Friday, 14 November 2025


Adjournment

Federation anniversary


Federation anniversary

 Bev McARTHUR (Western Victoria) (21:45): (2130) My adjournment tonight is a heartfelt plea to the Minister for Creative Industries to ensure Museums Victoria properly commemorates the 125th anniversary of Australian Federation next year. On 3 September 1901 a massive Australian flag measuring 11 metres by 5.5 metres was raised for the first time on the main dome of the Royal Exhibition Building. Prime Minister Edmund Barton conducted the historic ceremony before a large cheering crowd. The moment followed the federal flag competition exhibition, which attracted more than 32,000 entries and produced five joint winners.

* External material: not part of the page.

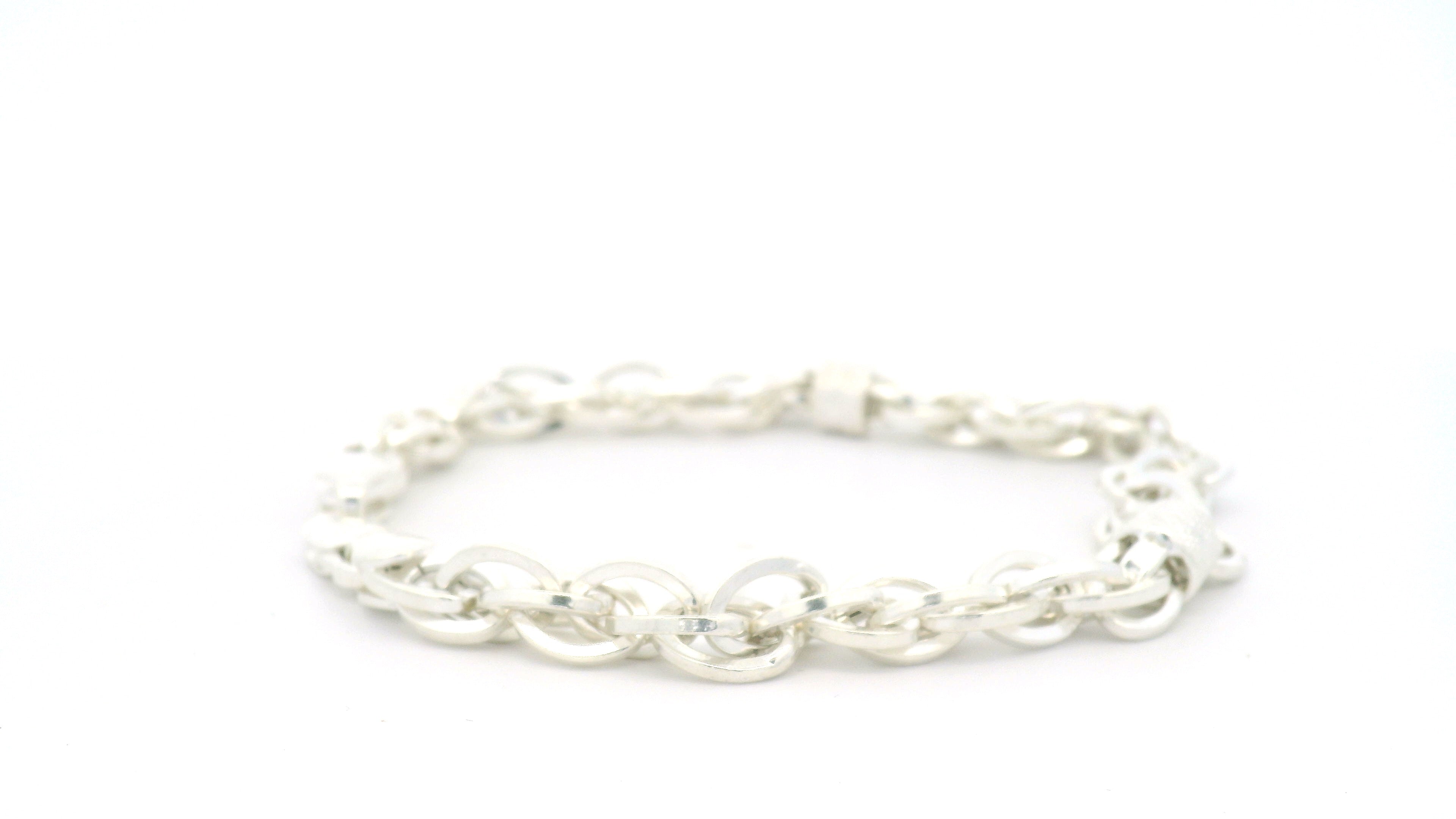 Elegant Silver Chain Bracelet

Why is this relevant to Mr Brooks, you might ask? As members here know, the Royal Exhibition Building is a UNESCO World Heritage site and was the temporary home of Australia’s first Commonwealth Parliament. Its role in the birth of our national flag deserves proper recognition. Yet a correspondent of mine, flag historian John Vaughan OAM, has been trying since February to engage Museums Victoria about commemorative activities. Despite multiple calls to the Ask Us helpline and written approaches to senior curators, he has received no substantive response. Mr Vaughan has proposed several thoughtful initiatives: displaying any existing records, mementos or photographs from the 1901 flag raising; exhibiting the Speaker’s Australian flag roadshow, which circulates a similarly sized flag to schools; and launching a public search for the original flag or related historical material. These are exactly the kinds of activities that would bring our Federation story to life.

Substantial public funding supports Museums Victoria. The recent state budget allocated $475.3 million over five years to our major cultural institutions, including $9.6 million for Royal Exhibition Building preservation. Victorians deserve to see these investments translate into responsive institutions that take opportunities to celebrate our shared history. Celebrating our national flag would be an opportunity to bring all of us together as one unified people.

The action I seek, Minister, is for you to get enthused about the idea, to direct Museums Victoria to respond to Mr Vaughan’s correspondence and to work collaboratively on an appropriate commemorative activity for the 125th anniversary of the first raising of the Australian national flag at the Royal Exhibition Building. This is not merely a request about getting your agencies to respond to correspondence, it is a plea for us to honour a historic and pivotal moment when Victoria hosted the birth of Australia’s most enduring national symbol and a chance to celebrate the event as one people.